Make Up For Ever's Mat Velvet + photographs beautifully, give it a try. It's medium to near full coverage foundation, but you can sheer it with a little primer or apply it with a foundation brush or the 187 for a sheerer application.


----------



## Sapphie (Aug 15, 2008)

Quote:

   Originally Posted by *frocher* 

 
_MUFE face and body is excellent, topped with MUFE high def powder._

 
Hi!  Thanks for the foundation recommendation! I was all ready to go into MAC foundations but this thread has changed my mind! I am just starting out as a freelancer in the bridal industry and was wondering if you could recommend 3 foundation colours in MUFE F&B that I could start with to mix and match?  Thanks 
	

	
	
		
		

		
		
	


	




Also, if you have any concealer & bronzer recommendations that would be awesome! Ta


----------



## lyttleravyn (Aug 15, 2008)

I just picked up MUFE Face & Body Foundation and the HD powder today and I LOOOOOVE them! Even the beau thought my face looked flawless and he said he didn't even think I was wearing anything 
	

	
	
		
		

		
		
	


	




I was disappointed at Sephora though. The SA I asked for help was not very nice and seemed to want to be rid of me quickly. I told her I was interested in MUFE and was unsure between the F&B or the Mat Velvet for a wedding I'm in this month (hot Atlanta sun for pictures). First she goes into a lecture about primer (I already told her that I had MAC Prep + Prime) then starts badmouthing MUFE and steered me away from them. She then tries to sell me Laura Mercier (not that I have anything against this brand, but I was there for MUFE which I had said) without even swatching me. So I told her I was very interested in MUFE and that I just needed help finding my color. She picks up the one I had been looking at, dabs a little on my face and says "yup this one will work," hands me a new one and just walks away. When I was getting rung up I overhear that she's a manager! *sigh* I emailed Sephora outlining what happened and that I was very disappointed and would probably just shop online from now on (I have to make a special trip 45min away to the nearest Sephora). Grr. I swear I'm not demanding, but I didn't want to feel like I was 'bothering her' by asking a simple question.


----------



## meanjeanster (Aug 16, 2008)

*claps hands* I am not the only one who finds certain Sephora sales clerks pushy and bitchy?!  I thought I was!!  
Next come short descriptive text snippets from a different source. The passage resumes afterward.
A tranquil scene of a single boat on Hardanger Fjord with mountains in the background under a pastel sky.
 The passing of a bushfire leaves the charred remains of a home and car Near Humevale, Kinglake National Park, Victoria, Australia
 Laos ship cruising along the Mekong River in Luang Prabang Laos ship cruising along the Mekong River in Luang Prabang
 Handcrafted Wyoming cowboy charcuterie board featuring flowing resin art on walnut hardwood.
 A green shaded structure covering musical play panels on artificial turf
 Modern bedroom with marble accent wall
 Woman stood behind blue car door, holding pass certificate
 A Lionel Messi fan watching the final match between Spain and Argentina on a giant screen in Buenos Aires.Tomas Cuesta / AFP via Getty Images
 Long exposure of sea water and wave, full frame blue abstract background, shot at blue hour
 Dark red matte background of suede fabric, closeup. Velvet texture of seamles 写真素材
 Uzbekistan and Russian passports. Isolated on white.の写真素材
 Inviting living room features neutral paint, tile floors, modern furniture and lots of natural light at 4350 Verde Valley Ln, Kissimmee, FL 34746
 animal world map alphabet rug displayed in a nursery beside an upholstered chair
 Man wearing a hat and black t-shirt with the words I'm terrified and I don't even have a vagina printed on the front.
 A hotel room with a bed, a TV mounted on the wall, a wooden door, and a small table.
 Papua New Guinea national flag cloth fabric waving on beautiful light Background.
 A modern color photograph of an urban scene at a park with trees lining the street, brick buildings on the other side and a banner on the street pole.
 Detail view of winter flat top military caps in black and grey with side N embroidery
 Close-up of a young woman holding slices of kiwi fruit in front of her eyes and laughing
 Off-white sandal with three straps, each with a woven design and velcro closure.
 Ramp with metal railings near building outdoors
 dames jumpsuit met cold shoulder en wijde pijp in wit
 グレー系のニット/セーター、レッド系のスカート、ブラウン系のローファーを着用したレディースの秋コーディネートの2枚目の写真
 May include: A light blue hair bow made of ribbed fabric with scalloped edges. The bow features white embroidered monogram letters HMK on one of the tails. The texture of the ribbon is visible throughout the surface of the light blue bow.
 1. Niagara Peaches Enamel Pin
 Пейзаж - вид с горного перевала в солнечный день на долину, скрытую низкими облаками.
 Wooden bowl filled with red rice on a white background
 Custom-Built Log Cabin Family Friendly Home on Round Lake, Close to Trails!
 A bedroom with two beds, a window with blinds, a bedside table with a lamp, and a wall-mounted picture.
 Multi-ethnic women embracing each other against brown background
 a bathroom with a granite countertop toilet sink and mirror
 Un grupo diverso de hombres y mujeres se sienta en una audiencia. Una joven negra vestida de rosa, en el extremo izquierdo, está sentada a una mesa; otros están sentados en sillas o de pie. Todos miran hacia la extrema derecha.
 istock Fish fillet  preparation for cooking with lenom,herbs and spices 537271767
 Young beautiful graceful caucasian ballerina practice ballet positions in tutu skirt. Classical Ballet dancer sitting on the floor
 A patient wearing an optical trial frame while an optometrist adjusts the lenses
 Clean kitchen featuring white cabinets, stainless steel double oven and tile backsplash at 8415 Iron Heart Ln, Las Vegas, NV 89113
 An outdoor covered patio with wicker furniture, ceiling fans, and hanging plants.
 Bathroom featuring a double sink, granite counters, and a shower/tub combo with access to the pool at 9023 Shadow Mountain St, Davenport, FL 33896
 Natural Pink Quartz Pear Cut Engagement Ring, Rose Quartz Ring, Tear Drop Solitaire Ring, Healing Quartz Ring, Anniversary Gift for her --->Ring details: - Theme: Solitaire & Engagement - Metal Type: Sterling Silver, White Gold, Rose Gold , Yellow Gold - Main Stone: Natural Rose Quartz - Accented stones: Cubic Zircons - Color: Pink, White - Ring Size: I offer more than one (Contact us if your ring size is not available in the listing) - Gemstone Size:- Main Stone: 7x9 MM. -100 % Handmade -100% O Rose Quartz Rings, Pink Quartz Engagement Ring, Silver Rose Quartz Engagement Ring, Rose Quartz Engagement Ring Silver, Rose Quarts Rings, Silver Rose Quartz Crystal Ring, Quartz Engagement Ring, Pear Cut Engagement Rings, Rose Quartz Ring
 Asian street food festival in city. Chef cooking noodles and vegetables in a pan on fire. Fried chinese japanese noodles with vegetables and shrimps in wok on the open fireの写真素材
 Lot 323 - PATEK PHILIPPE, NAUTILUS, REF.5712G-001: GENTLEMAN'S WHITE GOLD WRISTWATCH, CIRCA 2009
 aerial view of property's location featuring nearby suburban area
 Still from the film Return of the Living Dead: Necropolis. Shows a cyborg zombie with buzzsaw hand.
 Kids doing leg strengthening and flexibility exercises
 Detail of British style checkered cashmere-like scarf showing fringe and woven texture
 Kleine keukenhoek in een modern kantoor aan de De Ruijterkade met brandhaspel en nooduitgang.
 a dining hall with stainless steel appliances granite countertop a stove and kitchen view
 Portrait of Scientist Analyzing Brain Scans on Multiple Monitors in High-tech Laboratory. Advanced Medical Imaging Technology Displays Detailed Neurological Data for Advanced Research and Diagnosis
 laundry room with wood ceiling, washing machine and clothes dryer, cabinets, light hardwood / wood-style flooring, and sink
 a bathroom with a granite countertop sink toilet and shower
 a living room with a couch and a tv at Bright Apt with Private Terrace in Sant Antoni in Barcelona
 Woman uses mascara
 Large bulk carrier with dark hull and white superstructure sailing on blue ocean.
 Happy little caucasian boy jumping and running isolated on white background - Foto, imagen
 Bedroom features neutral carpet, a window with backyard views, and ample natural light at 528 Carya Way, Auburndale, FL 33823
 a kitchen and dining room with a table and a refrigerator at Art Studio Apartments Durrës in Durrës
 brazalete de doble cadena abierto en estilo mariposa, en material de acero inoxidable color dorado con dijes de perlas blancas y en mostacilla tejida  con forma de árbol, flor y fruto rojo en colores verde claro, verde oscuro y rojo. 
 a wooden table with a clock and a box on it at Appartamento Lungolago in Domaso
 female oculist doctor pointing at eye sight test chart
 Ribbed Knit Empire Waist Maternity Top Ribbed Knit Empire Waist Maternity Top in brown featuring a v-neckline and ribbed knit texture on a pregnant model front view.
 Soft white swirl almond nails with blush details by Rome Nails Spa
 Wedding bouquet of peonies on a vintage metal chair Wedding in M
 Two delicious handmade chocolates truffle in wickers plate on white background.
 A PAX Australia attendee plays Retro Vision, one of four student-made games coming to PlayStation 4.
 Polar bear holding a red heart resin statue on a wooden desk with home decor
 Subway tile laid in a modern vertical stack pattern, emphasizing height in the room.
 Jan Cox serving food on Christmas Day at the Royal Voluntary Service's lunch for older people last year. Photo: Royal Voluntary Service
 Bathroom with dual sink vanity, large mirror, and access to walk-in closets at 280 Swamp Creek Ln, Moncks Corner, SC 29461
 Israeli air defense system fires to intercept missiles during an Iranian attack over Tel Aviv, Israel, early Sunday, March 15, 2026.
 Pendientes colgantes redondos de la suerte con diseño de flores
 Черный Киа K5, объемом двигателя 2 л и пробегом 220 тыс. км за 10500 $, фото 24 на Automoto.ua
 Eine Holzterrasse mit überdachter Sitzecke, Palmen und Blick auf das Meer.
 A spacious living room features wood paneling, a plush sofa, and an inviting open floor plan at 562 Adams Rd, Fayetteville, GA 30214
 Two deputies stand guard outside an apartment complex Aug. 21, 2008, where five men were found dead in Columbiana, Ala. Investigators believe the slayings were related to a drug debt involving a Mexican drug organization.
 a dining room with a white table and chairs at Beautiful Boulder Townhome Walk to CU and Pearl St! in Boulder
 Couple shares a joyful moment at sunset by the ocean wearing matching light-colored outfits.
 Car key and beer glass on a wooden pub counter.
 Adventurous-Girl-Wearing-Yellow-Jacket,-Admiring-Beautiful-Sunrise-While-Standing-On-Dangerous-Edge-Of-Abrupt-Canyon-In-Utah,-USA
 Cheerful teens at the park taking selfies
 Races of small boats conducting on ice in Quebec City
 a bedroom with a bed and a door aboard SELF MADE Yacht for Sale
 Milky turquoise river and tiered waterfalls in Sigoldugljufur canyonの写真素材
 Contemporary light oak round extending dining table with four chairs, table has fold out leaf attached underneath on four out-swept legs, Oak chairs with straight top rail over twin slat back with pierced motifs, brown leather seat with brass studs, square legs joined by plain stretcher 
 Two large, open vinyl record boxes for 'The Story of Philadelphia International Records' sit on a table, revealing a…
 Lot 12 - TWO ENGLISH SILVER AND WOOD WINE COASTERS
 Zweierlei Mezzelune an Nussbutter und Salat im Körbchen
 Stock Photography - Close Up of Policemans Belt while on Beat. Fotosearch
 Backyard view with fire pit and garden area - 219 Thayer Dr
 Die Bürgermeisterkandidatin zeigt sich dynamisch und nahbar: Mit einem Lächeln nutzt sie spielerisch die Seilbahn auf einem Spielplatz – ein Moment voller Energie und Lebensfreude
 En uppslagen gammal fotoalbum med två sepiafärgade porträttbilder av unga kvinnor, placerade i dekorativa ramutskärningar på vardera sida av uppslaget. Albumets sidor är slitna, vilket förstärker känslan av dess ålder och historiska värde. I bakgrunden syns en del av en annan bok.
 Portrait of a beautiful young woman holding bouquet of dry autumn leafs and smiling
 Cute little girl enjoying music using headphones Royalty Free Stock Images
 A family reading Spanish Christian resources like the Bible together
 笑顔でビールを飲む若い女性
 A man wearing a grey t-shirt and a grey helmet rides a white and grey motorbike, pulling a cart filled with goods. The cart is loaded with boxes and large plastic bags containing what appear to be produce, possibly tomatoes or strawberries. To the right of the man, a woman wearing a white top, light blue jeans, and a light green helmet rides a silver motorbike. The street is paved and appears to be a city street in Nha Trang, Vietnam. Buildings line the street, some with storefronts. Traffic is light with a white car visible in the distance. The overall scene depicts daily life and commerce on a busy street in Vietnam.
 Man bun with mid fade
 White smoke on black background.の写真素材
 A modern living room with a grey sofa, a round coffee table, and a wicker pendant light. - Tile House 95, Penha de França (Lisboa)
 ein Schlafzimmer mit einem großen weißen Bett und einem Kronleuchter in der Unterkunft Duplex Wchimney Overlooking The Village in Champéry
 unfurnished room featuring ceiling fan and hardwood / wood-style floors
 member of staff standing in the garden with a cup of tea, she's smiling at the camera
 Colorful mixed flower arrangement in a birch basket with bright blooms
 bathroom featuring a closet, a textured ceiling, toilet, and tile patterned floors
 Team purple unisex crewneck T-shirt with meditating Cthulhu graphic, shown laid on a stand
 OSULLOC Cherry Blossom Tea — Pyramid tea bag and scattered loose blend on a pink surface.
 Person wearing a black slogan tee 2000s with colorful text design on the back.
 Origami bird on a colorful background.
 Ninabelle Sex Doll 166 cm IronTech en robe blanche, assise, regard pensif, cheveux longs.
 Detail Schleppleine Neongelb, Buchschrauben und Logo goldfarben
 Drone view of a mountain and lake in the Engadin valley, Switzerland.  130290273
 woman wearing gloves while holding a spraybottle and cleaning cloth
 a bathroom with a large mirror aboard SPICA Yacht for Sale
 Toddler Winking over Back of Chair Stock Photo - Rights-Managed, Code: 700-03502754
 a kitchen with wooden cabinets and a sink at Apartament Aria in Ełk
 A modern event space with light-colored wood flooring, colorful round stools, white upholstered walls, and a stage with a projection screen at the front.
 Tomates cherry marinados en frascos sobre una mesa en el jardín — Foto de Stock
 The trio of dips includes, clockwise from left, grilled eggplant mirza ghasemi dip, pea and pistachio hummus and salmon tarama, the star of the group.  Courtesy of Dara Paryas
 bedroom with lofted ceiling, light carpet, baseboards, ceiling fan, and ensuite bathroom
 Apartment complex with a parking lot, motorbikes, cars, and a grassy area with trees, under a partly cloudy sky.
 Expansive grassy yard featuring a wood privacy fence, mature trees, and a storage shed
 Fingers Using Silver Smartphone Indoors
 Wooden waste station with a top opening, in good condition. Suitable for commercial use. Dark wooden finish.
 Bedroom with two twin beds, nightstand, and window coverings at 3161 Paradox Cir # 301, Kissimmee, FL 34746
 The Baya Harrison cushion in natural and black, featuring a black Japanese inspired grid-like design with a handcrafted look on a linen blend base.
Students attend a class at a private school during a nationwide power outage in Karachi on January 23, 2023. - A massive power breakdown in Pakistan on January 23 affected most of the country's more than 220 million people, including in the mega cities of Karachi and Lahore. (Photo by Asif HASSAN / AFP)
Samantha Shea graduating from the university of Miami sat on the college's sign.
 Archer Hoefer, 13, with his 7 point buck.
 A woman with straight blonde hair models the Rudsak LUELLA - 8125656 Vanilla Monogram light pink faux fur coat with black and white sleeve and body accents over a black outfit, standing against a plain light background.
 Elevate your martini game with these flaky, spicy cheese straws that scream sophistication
Isn't it rude and fkn annoying that they treat their customers like problems they want to go away?  I have had great experiences in Sephora but lately it seems like they only want to push certain products and rush you through your makeup buying experience.  So frustrating!  I shop online now too!!  so much easier than dealing with the crowds and the "MA " bs.


----------



## Love Always Ivy (Aug 16, 2008)

Quote:

   Originally Posted by *lyttleravyn* 

 
_I just picked up MUFE Face & Body Foundation and the HD powder today and I LOOOOOVE them! Even the beau thought my face looked flawless and he said he didn't even think I was wearing anything 
	

	
	
		
		

		
		
	


	




I was disappointed at Sephora though. The SA I asked for help was not very nice and seemed to want to be rid of me quickly. I told her I was interested in MUFE and was unsure between the F&B or the Mat Velvet for a wedding I'm in this month (hot Atlanta sun for pictures). First she goes into a lecture about primer (I already told her that I had MAC Prep + Prime) then starts badmouthing MUFE and steered me away from them. She then tries to sell me Laura Mercier (not that I have anything against this brand, but I was there for MUFE which I had said) without even swatching me. So I told her I was very interested in MUFE and that I just needed help finding my color. She picks up the one I had been looking at, dabs a little on my face and says "yup this one will work," hands me a new one and just walks away. When I was getting rung up I overhear that she's a manager! *sigh* I emailed Sephora outlining what happened and that I was very disappointed and would probably just shop online from now on (I have to make a special trip 45min away to the nearest Sephora). Grr. I swear I'm not demanding, but I didn't want to feel like I was 'bothering her' by asking a simple question._

 
oh man sorry to hear that! usually thats how my MAC MA's are and then the Sephora MA's are the helpful friendly ones to me. 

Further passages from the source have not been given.